But did he have to say it?
The financial market would prefer not to think about inflation all the time. The markets are indeed pretty good at ignoring the inconvenient.
But this morning Federal Reserve Bank of St. Louis President James Bullard said out loud what Wall Street knows in its heart but doesn’t want to think about. “Inflation is broader and more persistent than many have thought and the Fed will have to act in order to keep inflation under control and we’ve got a plan in place,” Bullard told Yahoo Finance Wednesday.
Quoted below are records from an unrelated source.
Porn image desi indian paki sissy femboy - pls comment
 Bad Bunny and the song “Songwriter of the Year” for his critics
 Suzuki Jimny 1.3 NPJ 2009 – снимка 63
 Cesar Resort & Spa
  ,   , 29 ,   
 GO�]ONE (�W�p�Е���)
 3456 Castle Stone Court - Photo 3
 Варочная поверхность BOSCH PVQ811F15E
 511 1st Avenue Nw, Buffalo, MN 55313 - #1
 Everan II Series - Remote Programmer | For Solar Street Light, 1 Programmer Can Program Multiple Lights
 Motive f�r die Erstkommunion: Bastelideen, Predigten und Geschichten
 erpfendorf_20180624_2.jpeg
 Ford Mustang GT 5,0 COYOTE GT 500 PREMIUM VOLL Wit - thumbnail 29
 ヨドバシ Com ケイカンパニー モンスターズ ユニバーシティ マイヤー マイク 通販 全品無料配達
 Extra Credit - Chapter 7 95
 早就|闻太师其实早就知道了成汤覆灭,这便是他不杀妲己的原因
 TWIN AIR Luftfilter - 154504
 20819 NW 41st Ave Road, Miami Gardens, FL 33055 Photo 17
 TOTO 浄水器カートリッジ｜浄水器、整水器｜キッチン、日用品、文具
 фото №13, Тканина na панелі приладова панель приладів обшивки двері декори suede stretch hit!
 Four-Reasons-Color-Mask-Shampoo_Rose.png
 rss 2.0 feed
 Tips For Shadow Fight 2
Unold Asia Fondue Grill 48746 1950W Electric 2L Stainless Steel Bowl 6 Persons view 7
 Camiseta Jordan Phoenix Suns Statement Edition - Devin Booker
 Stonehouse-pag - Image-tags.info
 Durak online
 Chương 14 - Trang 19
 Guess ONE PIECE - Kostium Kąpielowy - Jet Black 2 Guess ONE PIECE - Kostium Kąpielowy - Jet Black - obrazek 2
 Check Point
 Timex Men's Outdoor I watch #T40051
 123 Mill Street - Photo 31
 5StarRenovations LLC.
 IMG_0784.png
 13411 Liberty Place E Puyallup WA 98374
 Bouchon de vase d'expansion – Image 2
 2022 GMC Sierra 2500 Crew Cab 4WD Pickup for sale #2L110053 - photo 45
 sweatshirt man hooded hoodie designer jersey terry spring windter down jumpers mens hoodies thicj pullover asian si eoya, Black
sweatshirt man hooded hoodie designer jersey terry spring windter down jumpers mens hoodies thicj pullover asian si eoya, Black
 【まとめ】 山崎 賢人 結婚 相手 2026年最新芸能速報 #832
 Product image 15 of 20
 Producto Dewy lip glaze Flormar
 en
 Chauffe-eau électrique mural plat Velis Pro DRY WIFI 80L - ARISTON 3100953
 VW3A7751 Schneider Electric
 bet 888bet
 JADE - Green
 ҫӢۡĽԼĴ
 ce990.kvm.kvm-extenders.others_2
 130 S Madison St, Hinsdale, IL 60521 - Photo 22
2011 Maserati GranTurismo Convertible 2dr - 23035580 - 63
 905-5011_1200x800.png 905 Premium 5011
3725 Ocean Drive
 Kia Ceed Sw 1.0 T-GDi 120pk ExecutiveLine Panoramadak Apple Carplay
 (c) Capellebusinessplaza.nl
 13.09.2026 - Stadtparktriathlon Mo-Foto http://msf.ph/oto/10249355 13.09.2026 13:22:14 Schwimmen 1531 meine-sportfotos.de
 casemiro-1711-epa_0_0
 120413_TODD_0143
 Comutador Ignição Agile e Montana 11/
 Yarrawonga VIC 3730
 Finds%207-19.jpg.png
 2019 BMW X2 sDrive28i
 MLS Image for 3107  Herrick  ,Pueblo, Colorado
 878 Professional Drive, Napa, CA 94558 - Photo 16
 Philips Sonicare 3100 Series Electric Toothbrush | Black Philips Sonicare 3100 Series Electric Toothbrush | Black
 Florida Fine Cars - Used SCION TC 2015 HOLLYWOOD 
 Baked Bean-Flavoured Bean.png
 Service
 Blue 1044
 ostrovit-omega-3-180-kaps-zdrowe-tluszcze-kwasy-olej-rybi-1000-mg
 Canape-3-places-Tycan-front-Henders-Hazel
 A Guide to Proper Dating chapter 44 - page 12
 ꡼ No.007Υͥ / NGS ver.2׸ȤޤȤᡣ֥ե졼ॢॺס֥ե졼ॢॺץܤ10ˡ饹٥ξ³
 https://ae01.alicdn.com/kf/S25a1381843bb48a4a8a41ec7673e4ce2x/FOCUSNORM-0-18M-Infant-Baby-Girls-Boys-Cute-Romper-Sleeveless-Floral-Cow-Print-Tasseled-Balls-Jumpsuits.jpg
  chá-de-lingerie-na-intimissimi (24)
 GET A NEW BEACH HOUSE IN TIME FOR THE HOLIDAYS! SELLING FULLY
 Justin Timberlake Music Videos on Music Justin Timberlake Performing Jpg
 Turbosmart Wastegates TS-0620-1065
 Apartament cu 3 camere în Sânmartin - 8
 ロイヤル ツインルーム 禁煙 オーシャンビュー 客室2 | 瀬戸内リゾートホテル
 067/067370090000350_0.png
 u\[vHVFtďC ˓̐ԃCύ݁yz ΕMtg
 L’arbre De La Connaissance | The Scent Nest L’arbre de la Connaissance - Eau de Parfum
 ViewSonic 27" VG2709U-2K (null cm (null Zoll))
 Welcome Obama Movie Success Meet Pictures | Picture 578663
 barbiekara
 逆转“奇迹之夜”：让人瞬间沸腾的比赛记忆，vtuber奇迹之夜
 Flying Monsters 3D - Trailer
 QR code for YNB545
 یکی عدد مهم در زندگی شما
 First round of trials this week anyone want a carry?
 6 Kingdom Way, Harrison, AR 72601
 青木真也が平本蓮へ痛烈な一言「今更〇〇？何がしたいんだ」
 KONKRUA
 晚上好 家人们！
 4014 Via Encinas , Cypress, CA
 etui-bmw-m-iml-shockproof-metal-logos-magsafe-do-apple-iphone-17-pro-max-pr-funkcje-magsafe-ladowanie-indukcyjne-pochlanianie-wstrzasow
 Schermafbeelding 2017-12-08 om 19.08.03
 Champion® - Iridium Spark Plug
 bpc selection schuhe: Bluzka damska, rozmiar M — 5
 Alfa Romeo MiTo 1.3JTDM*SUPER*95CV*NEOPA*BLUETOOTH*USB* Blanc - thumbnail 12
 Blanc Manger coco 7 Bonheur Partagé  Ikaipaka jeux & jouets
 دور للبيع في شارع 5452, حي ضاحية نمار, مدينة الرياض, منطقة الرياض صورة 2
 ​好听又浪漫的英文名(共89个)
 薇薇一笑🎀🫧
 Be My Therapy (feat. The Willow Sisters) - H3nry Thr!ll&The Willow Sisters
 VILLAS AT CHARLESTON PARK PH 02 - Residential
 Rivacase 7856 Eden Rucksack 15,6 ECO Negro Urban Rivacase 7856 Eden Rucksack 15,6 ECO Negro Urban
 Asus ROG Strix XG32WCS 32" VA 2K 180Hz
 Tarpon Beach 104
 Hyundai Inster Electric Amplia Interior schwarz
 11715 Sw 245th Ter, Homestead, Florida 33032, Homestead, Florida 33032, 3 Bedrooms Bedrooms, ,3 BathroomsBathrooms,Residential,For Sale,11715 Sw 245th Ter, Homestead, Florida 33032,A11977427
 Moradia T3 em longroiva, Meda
That plan includes, at least in the world according to Bullard, moves of 0.50% in at least the next two meetings and a yearend target rate to 3.5% by the end of the year. The Fed’s benchmark short-term rate now stands at 0.75% to 1.00%. “The committee has, based on public comments from my colleagues, coalesced around a plan of 50 basis points per meeting so I think we can proceed on that,” Bullard said.
A yearend rate of 3.5% would require quite a bit more than two 50-basis-point increases.
Stocks didn’t like Bullard’s comments. The Standard & Poor’s 500 showed a loss of as much as 1.95% before closing down 0.13%. The Dow Jones Industrial Average was off 0.33% and the Russell 2000 small cap index lost 0.79%. The NASDAQ Composite actually finished with a gain of 0.66%.